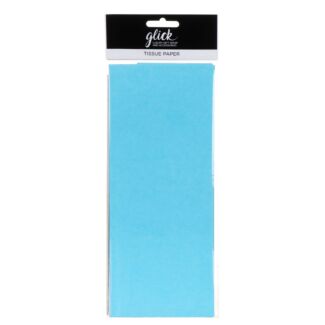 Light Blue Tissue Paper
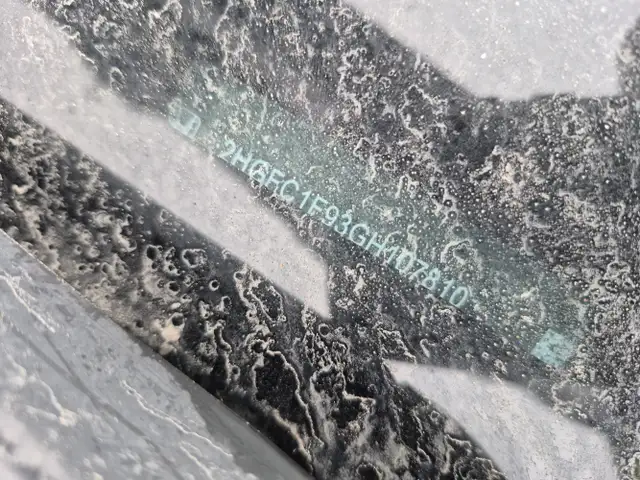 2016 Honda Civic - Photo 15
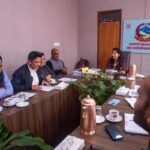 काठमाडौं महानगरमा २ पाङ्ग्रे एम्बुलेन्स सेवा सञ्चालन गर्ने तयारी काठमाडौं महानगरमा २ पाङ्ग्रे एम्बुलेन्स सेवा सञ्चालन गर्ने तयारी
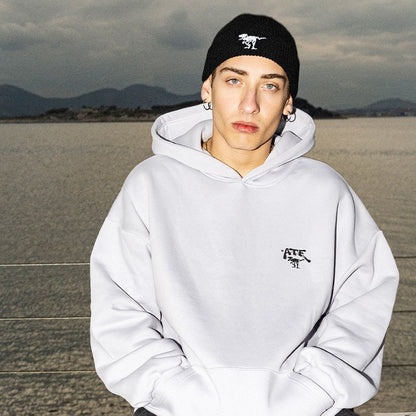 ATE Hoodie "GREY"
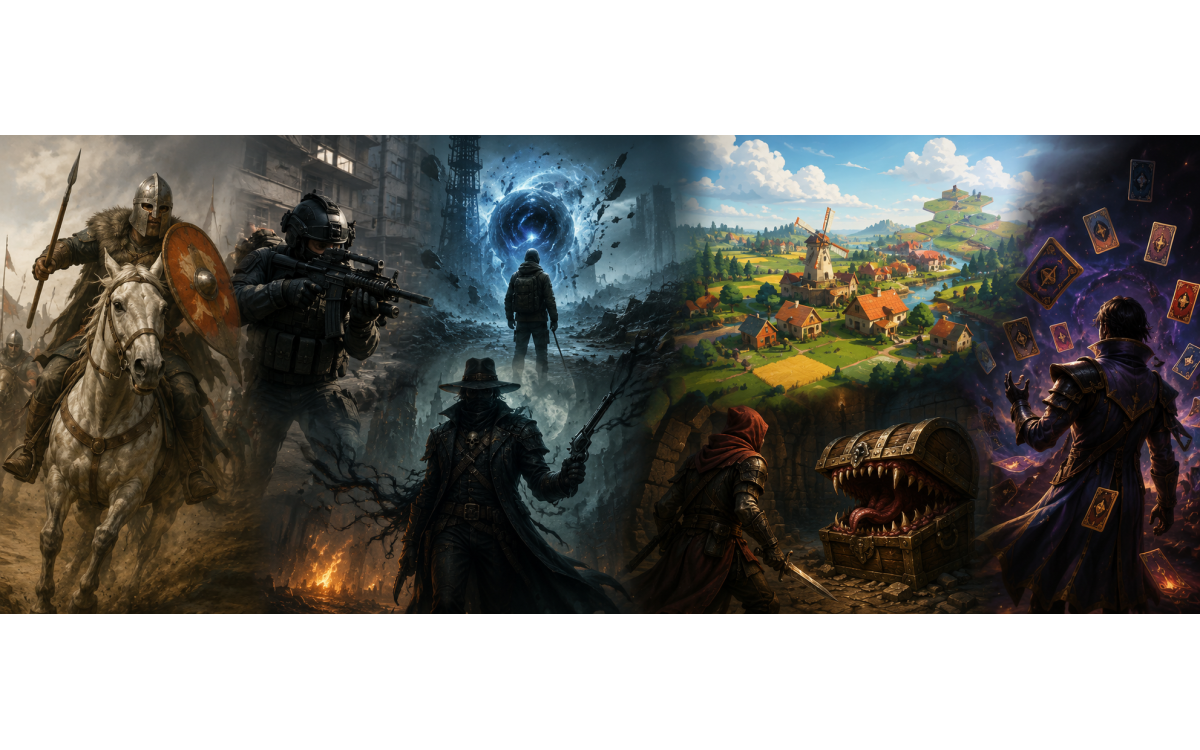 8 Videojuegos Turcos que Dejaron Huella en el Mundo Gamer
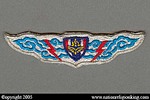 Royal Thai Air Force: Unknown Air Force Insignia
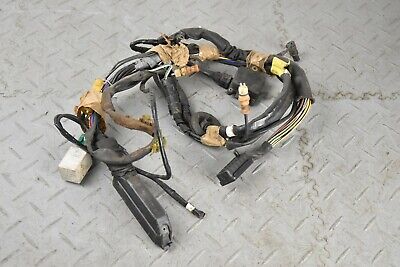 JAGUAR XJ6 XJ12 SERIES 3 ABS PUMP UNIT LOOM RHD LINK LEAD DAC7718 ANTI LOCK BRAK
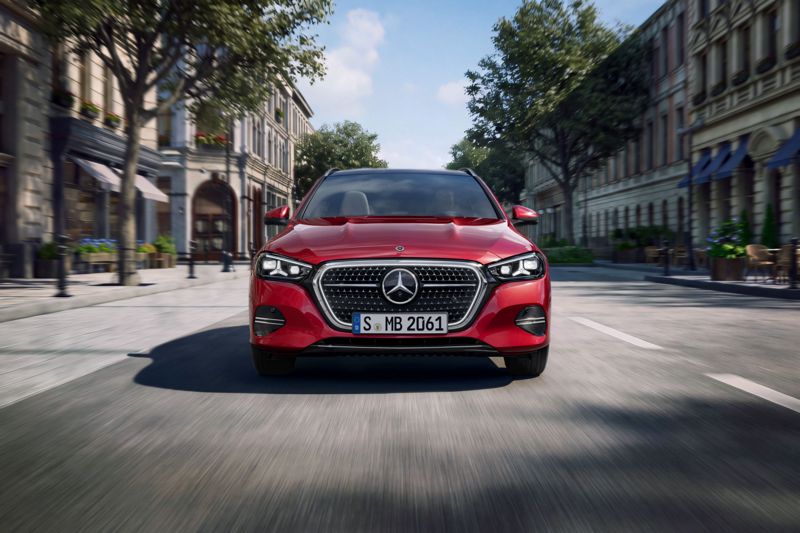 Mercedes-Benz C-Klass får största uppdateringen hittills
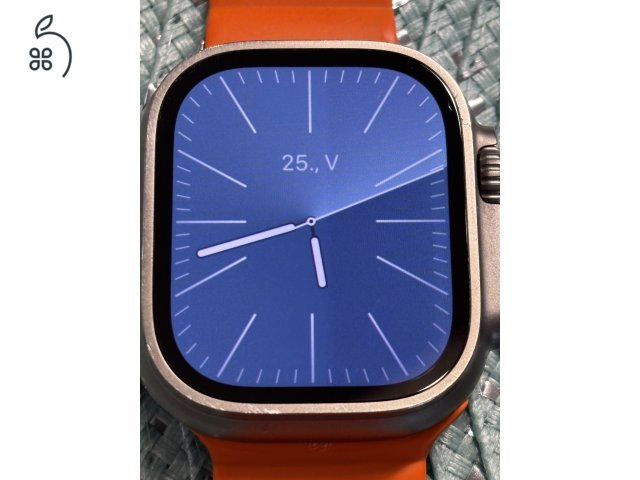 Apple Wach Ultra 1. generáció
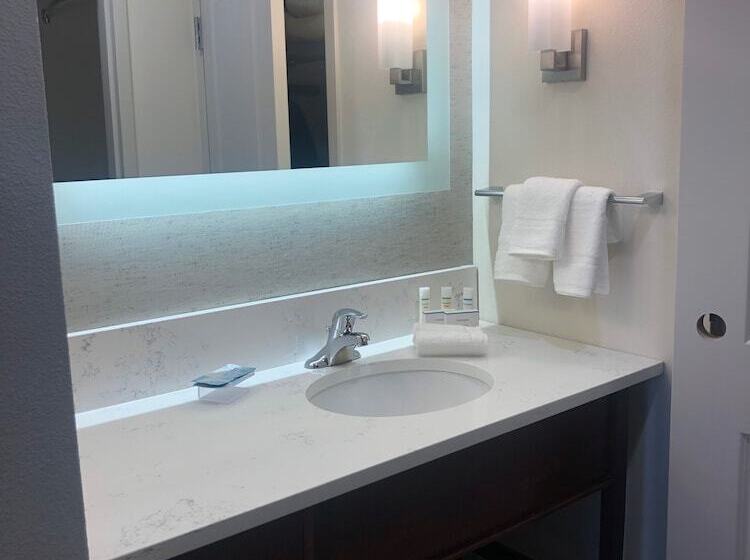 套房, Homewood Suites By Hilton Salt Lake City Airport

++++++++

Set down, word for word, the full listing above, and carry over no pictures.

--- Answer space ---
 Light Blue Tissue Paper
 2016 Honda Civic - Photo 15
 काठमाडौं महानगरमा २ पाङ्ग्रे एम्बुलेन्स सेवा सञ्चालन गर्ने तयारी काठमाडौं महानगरमा २ पाङ्ग्रे एम्बुलेन्स सेवा सञ्चालन गर्ने तयारी
 ATE Hoodie "GREY"
 8 Videojuegos Turcos que Dejaron Huella en el Mundo Gamer
 Royal Thai Air Force: Unknown Air Force Insignia
 JAGUAR XJ6 XJ12 SERIES 3 ABS PUMP UNIT LOOM RHD LINK LEAD DAC7718 ANTI LOCK BRAK
 Mercedes-Benz C-Klass får största uppdateringen hittills
 Apple Wach Ultra 1. generáció
 套房, Homewood Suites By Hilton Salt Lake City Airport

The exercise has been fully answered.